Segundo a universidade, os professores ficarão afastados das atividades acadêmicas por 30 dias, prazo que pode ser prorrogado conforme o andamento das apurações.
Uma das denúncias foi feita por Carolina Ferreira, de 21 anos, ex-aluna do curso de odontologia. Ela afirma ter sido estuprada por um docente no primeiro ano da graduação. O relato foi divulgado por meio das redes sociais.
De acordo com a jovem, os traumas decorrentes do episódio a levaram a trancar a matrícula e comunicar o caso à família. Posteriormente, a denúncia foi levada à universidade. Carolina afirma que a resposta institucional foi negligente, com a alegação de que “nunca houve nada parecido”.
A ex-aluna relata ainda que tentou retomar o curso no ano seguinte, mas não conseguiu concluir a graduação devido a ameaças que diz ter recebido. Ela também afirmou que não formalizou a denúncia à época por não ter condições emocionais, apesar de, segundo ela, haver provas no período.

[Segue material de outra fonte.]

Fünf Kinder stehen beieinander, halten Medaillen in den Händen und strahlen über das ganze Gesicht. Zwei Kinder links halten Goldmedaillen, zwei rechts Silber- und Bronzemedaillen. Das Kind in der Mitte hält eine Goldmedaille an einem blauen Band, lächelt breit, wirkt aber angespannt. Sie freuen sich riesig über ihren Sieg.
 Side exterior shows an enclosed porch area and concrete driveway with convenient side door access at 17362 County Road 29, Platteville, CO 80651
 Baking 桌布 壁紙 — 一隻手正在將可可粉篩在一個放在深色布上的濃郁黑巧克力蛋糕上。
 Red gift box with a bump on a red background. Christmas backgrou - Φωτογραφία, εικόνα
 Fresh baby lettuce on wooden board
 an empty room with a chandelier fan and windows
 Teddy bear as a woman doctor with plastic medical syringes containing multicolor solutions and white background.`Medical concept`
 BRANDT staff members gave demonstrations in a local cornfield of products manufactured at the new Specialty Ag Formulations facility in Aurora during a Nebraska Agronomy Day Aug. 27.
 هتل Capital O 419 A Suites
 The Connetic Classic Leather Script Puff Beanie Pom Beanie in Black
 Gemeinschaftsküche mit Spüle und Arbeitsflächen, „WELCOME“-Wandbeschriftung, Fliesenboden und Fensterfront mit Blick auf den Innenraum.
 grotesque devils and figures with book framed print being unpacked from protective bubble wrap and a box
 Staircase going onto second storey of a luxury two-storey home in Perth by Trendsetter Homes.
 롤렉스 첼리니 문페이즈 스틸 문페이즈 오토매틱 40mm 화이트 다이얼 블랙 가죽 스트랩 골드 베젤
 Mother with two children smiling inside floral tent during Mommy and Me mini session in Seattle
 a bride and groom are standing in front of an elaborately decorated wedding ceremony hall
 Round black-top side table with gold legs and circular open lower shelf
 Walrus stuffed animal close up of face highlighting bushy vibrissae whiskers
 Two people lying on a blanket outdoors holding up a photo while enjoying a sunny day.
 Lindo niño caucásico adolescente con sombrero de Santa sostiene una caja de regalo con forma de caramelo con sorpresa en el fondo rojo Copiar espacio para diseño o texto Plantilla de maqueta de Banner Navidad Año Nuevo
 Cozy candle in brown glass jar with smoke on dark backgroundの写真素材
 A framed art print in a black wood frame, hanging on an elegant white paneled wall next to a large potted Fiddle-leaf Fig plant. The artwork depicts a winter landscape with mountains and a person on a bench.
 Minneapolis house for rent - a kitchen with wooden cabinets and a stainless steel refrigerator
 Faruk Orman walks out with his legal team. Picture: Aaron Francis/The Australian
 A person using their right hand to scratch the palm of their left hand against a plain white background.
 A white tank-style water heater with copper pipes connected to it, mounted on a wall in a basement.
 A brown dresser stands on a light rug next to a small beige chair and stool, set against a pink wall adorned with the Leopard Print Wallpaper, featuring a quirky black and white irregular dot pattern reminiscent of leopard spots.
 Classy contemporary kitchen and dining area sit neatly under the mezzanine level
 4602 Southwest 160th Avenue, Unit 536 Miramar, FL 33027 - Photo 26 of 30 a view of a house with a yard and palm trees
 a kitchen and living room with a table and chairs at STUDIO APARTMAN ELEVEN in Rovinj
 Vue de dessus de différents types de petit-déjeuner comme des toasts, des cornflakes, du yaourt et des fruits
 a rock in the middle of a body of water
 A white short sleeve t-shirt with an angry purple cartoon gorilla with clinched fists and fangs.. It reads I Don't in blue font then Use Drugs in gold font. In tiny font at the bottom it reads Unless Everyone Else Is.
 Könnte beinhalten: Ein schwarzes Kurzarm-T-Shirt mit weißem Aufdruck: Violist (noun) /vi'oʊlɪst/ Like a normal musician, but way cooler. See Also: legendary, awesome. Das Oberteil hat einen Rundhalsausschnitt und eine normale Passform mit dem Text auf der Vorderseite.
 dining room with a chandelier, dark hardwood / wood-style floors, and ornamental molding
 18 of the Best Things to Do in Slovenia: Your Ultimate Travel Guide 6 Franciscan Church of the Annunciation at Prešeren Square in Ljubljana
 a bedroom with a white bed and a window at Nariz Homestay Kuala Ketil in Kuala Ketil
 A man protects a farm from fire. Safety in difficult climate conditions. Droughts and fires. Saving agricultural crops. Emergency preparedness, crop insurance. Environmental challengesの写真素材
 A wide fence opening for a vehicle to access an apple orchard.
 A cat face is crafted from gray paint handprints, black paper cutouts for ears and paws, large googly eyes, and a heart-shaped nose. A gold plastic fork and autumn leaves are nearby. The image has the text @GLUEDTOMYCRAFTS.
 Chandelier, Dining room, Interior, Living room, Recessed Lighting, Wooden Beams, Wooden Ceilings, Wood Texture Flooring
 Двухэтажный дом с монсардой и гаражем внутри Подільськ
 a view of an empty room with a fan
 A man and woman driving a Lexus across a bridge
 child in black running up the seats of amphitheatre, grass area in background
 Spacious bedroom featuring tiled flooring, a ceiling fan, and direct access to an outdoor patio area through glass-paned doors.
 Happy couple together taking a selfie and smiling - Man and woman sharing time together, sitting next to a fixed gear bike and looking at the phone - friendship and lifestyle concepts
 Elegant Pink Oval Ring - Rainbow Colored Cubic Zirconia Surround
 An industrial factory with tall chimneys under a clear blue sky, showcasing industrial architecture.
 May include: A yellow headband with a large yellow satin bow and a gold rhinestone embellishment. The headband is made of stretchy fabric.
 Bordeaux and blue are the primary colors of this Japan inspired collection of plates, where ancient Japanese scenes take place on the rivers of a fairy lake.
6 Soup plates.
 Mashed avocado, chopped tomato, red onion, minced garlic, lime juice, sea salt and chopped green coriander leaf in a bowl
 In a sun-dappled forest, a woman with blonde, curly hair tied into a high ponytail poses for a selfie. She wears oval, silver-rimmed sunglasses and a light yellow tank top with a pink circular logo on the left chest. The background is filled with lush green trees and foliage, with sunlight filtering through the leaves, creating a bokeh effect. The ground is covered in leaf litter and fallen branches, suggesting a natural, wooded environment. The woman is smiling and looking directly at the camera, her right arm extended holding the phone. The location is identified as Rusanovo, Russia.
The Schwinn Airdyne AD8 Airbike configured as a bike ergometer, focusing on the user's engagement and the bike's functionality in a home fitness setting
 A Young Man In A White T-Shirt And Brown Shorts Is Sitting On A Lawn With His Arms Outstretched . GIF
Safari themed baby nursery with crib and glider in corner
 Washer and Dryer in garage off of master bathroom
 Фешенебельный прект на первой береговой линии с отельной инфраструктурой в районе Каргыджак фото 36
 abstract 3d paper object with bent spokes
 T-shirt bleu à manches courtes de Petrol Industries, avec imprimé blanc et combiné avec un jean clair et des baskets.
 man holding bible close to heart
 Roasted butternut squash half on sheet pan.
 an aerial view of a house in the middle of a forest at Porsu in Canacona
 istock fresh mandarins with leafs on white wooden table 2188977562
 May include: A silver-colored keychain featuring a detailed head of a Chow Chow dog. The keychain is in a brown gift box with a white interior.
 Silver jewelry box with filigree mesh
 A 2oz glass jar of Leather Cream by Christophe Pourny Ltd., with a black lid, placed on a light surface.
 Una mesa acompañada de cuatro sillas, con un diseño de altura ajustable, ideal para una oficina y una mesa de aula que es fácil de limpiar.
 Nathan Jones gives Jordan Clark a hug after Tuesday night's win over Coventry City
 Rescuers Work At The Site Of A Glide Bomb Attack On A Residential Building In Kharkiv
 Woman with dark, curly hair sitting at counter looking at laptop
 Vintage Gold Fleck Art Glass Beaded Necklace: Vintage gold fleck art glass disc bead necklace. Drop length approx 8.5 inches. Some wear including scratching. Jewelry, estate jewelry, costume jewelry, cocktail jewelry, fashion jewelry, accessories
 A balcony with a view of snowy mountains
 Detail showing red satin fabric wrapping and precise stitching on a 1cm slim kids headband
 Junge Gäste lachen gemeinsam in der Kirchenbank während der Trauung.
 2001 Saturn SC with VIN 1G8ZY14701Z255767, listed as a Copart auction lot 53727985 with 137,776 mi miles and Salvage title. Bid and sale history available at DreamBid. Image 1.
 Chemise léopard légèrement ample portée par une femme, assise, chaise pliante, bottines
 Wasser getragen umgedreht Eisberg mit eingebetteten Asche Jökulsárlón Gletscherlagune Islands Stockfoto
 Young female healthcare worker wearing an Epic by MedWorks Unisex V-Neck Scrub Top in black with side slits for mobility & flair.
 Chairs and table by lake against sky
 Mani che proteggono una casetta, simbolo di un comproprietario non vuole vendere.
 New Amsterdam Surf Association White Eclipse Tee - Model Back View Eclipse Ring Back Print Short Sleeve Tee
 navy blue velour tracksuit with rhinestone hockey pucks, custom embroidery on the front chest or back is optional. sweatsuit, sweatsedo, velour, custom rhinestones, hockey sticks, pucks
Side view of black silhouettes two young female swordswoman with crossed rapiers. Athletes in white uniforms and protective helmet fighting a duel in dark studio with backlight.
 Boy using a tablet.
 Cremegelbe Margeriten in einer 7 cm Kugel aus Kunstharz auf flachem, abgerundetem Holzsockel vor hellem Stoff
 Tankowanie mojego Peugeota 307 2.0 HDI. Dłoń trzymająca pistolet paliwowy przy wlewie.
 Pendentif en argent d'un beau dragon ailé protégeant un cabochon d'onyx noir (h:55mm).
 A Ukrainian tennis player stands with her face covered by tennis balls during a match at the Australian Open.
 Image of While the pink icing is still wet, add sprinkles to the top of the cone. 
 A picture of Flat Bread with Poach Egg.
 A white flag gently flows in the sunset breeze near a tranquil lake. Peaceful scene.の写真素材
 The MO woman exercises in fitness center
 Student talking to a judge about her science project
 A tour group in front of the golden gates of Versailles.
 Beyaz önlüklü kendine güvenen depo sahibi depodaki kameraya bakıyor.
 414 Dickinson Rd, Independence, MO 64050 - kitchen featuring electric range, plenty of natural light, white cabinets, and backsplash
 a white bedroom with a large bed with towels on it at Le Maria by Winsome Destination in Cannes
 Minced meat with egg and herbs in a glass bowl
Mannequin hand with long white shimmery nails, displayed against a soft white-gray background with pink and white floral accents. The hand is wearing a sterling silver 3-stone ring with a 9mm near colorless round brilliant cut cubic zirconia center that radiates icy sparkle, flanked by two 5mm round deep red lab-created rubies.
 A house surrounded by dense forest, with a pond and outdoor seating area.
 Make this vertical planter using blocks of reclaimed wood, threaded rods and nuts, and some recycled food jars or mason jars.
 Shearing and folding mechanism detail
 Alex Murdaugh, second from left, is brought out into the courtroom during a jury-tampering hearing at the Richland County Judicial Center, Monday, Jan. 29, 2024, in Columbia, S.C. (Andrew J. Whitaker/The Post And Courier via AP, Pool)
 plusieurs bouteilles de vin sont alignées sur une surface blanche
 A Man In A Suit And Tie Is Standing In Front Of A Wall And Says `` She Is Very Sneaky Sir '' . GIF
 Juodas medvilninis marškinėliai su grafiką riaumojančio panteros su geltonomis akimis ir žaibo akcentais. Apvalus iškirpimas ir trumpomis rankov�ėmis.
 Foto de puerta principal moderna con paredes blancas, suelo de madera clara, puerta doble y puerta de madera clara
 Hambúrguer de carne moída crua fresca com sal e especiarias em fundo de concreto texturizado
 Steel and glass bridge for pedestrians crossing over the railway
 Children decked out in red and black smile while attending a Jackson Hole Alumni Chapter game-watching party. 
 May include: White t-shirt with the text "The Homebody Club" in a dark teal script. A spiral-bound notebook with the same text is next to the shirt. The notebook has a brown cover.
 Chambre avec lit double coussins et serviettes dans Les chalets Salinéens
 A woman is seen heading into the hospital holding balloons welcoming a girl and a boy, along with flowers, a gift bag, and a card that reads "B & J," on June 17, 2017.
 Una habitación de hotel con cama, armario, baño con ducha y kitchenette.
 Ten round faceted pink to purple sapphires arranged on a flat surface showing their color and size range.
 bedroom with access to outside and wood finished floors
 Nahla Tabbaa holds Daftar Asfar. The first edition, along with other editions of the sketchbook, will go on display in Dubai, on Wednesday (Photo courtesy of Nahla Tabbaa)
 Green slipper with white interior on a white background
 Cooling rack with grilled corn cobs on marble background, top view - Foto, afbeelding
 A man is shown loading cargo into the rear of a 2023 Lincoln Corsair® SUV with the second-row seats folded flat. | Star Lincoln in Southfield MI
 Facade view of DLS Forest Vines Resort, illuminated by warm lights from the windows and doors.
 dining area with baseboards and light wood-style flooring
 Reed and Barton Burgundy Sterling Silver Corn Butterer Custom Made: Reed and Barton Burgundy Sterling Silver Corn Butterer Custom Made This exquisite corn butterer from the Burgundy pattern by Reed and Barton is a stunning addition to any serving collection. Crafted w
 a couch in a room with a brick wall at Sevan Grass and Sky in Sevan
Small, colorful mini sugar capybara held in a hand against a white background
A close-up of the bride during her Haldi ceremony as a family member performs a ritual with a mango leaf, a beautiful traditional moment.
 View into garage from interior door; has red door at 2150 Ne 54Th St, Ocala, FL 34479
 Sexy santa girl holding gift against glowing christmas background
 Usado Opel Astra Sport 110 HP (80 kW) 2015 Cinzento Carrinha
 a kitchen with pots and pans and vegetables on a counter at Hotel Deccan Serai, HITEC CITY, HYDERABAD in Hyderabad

“Eu estava em choque, com medo, tentando apenas sobreviver. Hoje, restaria apenas a minha palavra contra a de um professor conceituado”, declarou.
Após a repercussão do caso, estudantes da Unesp organizaram manifestações na segunda-feira (4). Os atos ocorreram em frente à reitoria da universidade, na capital paulista, e também no campus de São José dos Campos.
Em nova publicação nas redes sociais, Carolina divulgou um vídeo em apoio às mobilizações realizadas pelos estudantes.